Early in March of this year the Warner Bros company Alcon Entertainment bought the film, television and ancillary franchise rights to Blade Runner, to produce prequels and sequels, spin-offs and reboots at will.

Sending an initial shudder through the legion of fans, both of the 1982 film and of Philip K. Dick’s source novel Do Androids Dream of Electric Sheep?, there were projections of diluted returns to the neon infused dystopia so beautifully rendered in Ridley Scott’s film.

A series of three novels set after the events of the film acted as a sequel of sorts and were written by Dick’s friend K. W. Jeter, beginning with Blade Runner 2: The Edge of Human. An early PC CD-Rom game based in the world was released in 1997 but the unexpected news today promises an altogether brighter future for one of the most beloved and influential movies in the sci-fi genre.

Deadline are reporting that when Ridley Scott is finished with Prometheus, his next walk in the Alien-verse, he will take on another Blade Runner film for Alcon, allaying fears that we would end up with a McG directed Blade Runnerer: Time to Die or somesuch nonsense.

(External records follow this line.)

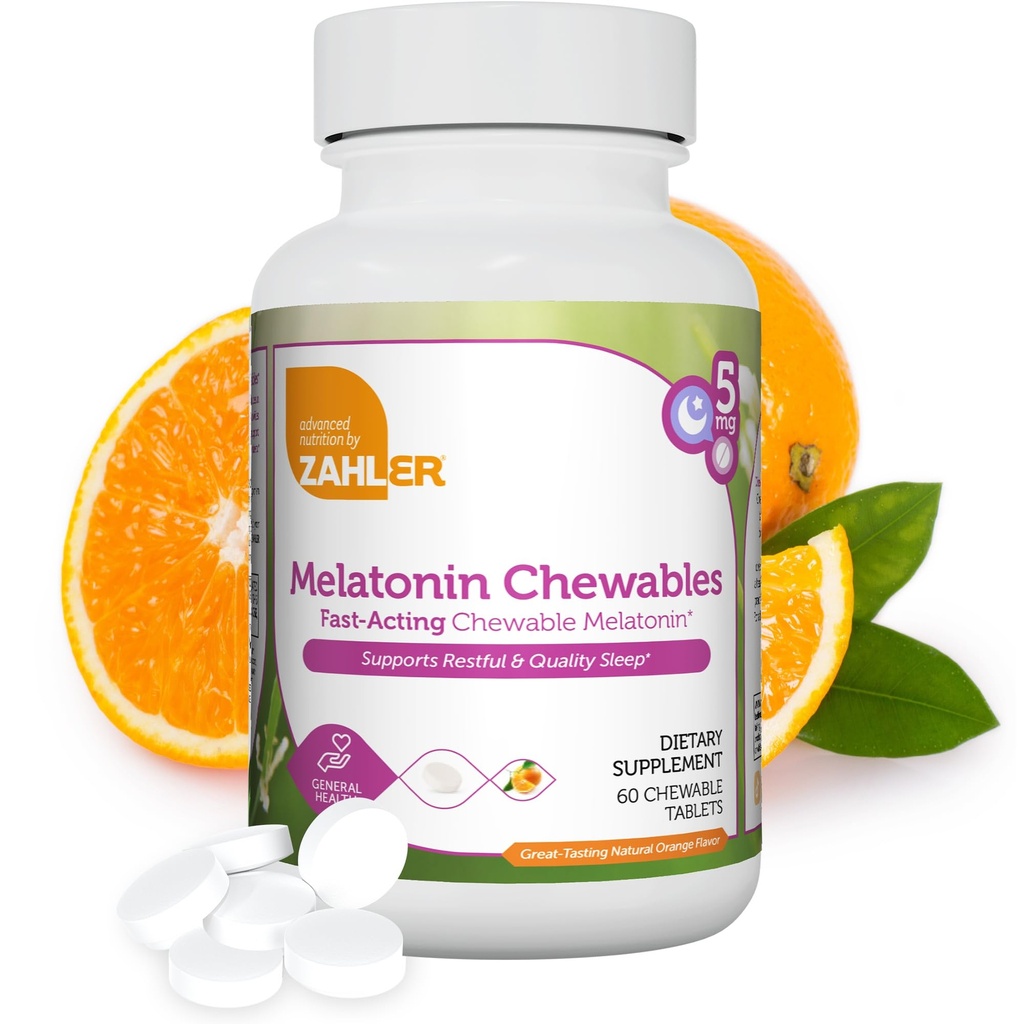 Zahler Melatonin 5mg Comprimés - Mélatonine à croquer à action rapide 5 mg Comprimés - Delicious Orange Flavor - Soutient le repos et la qualité du sommeil - Kosher Non OGM Fabriqué aux États-Unis Complément alimentaire, 60 Compte
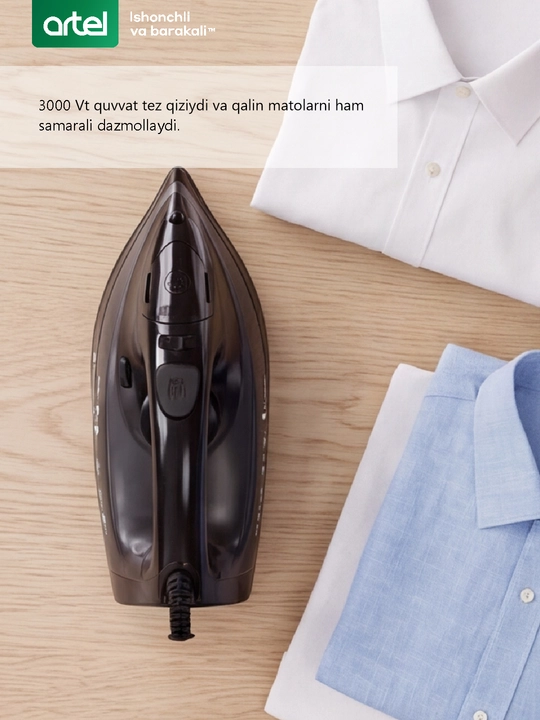 Bug‘ bilan namlaydigan dazmol Artel ART-SI-281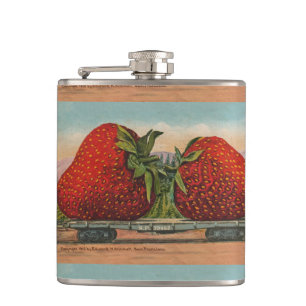Strawberries Giant Antique Fruit Fun Hip Flask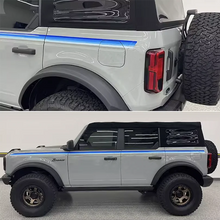 Load image into Gallery viewer, Blue &amp; Orange Sunset Waistline Stripe Decal for Ford Bronco (2021–2023) | Modified Body Line Vinyl Overlay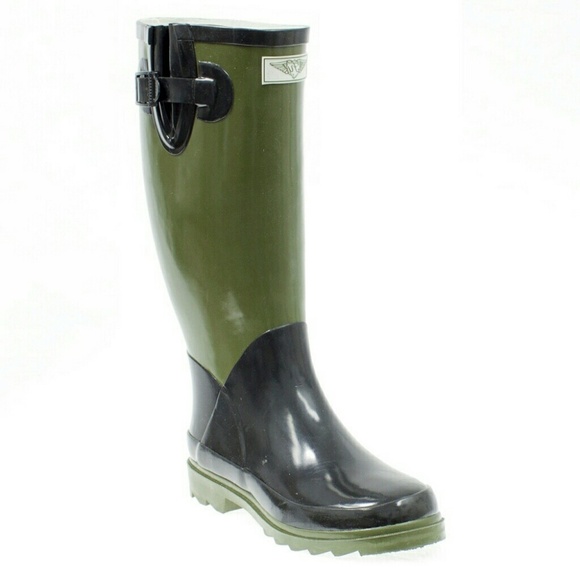 Women Tall Rain boots, #1500, Army Green, Size 5 - Picture 2 of 3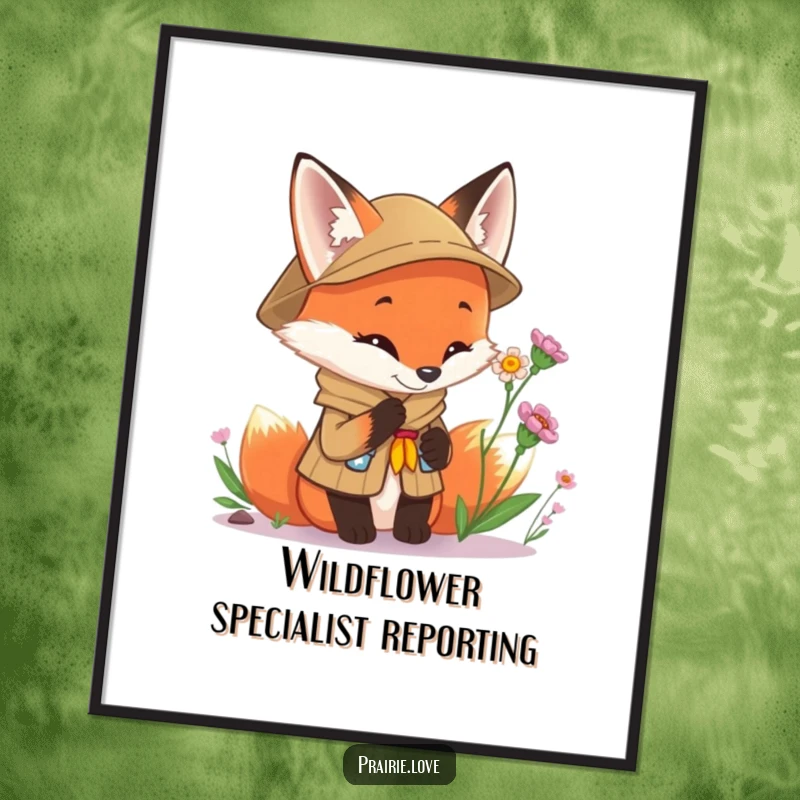 Funny Scout Fox Poster: A curious fox in a scout uniform examining a wild flower, a charming illustration for nature enthusiasts.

Given the path of Scott’s current film from conception as an Alien prequel to a whole new film set in the universe there is every chance that this one will be neither a sequel or prequel (Deadline aren’t too sure themselve) but a new film set in the world of the Tyrell Corporation and Replicant technology.

Two things are for sure – it’ll be in 3D, and there won’t be a voiceover. Let’s hope they don’t around to the production for some time, and end up releasing the film in 2019, the year in which the first film was set.